Tentang Rasa Bersalah

81 6 0
                                    

Elisha dan Triyas sudah sampai di rumah sakit. Seorang laki-laki berumur 20 tahunan menghampiri mereka saat tiba di UGD.

"Mbak Triyas?" sapanya sedikit ragu.

"Iya, mas. Saya sendiri."

"Maaf ya mbak. Tadi saya bingung mau menghubungi siapa. Saya lihat di kolom chatnya terakhir kali chat sama Mbak Triyas. Jadi, saya langsung menghubungi nomor itu."

"Siapa, Yas?" tanya El bingung.

"Ini mas mas yang tadi nelfon gue," jelasnya pada El.

"Oh iya mas, makasih ya mas udah bantuin temen saya," kata Triyas kepada pemuda di depannya.

"Sama-sama, mbak. Saya pamit pulang dulu kalo begitu."

"Iya, Mas. Hati-hati," balas Triyas sambil menganggukkan kepala.

El ikut menatap punggung pemuda itu sampai menghilang di belokan koridor. Lalu mengikuti gerakan Triyas yang duduk di kursi tunggu. Di sampingnya, Triyas terus menatap ke depan. Sesekali memainkan ujung sepatunya dengan lantai ruangan.

Sebenarnya El ingin menanyakan maksud dari kalimat Triyas di kos tadi. Namun, stiuasi tak kunjung mendukung. Sedari tadi Triyas diam saja. Kelihatannya, Triyas cukup khawatir dengan apa yang sekarang terjadi pada Raka. El juga khawatir, tapi menurutnya tak ada yang bisa dilakukan seorang kawan kecuali berdoa dan tetap tenang saat kondisi seperti ini.

"Raka suka sama lu, El."

Mendengar penuturan Triyas yang tiba-tiba, seketika membuat El mengerutkan kening ke arah kawannya itu. Sedangkan Triyas sama sekali tidak mengalihkan tatapannya.

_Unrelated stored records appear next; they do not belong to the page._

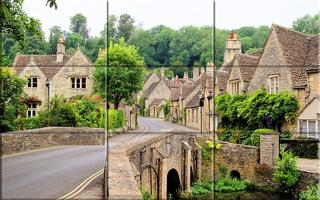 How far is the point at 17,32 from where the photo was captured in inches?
775

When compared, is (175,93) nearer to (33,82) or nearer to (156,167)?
(33,82)

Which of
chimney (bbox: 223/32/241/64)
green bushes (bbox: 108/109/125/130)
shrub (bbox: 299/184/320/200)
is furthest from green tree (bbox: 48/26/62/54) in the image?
chimney (bbox: 223/32/241/64)

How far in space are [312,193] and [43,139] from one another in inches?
530

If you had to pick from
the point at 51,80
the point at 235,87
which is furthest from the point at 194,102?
the point at 51,80

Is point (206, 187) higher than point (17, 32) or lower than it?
lower

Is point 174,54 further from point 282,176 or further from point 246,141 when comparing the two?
point 246,141

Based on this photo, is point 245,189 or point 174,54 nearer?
point 174,54

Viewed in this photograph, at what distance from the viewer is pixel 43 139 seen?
842 inches

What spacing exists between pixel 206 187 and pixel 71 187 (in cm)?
1902

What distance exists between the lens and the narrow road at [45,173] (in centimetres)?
961

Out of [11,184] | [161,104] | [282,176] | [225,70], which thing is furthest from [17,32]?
[161,104]

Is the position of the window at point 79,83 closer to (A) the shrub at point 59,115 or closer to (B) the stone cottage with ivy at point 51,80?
(B) the stone cottage with ivy at point 51,80

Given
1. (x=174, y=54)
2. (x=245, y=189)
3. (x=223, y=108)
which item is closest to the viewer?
(x=174, y=54)

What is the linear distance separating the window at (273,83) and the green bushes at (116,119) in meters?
11.2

"Gue udah menyadari ini dari lama. Perhatian-perhatian Raka ke lu itu beda dengan perhatiannya ke yang lain. Raka baru mau jujur ke gue waktu kemarin itu.

"Kemarin, waktu kabar lu balikan sama Kansa itu beredar, Raka langsung nelfon gue buat klarifikasi kabar itu." Triyas menarik nafasnya. "Suaranya terdengar seperti orang putus asa. Makanya, gue takut banget sesuatu terjadi sama Rakka."

Triyas kali ini mengalihkan tatapannya kepada El. "Raka tetep temen kita kan El? Kita harus tetep khawatir dan ada untuk dia. Bener kan?"

Belum sempat El menjawab, seorang dokter keluar dari ruangan. Triyas dengan sigap berdiri lalu mendekat, sedangkan El mengikuti di belakangnya. Ada obrolan mengenai keluarga Raka sebelum akhirnya merembet ke kondisi Raka sekarang.

"Bersyukur dia cuma mengalami benturan ringan di kepala dan luka baret di pelipis dan sikunya. Selain itu, tidak ada yang perlu dikhawatirkan."

"Terima kasih, Dokter," ucap Triyas dengan raut wajah lega.

Dokter itu menganggukkan kepala. "Kalau begitu, saya permisi dulu. Selamat malam."

"Malam, dok."

"Ayo, masuk," ajak Triyas saat ia telah membuka setengah pintu ruang IGD. El masih terdiam. Pandangannya seperti orang melamun.

"El,"

"Iya?" El sedikit tersentak.

"Ayo masuk."

"Iya."

Lalu mereka masuk secara bersamaan. Langkah mereka mendekat ke arah ranjang dimana Dika terbaring. Benar kata dokter, ada luka di pelipis kanan yang sudah ditutup dengan kain kasa dan perekat. Sedangkan luka baret di sikunya kanannya hanya diberi obat merah saja. Benturan di kepala menyisakan memar yang sudah berubah warna menjadi keunguan.

"Haruskah kita menghubungi orang tuanya?" tanya El tanpa mengalihkan tatapan pada memar di kepala Raka.

"Nunggu Raka siuman dulu aja. Takut bikin orang tuanya khawatir juga."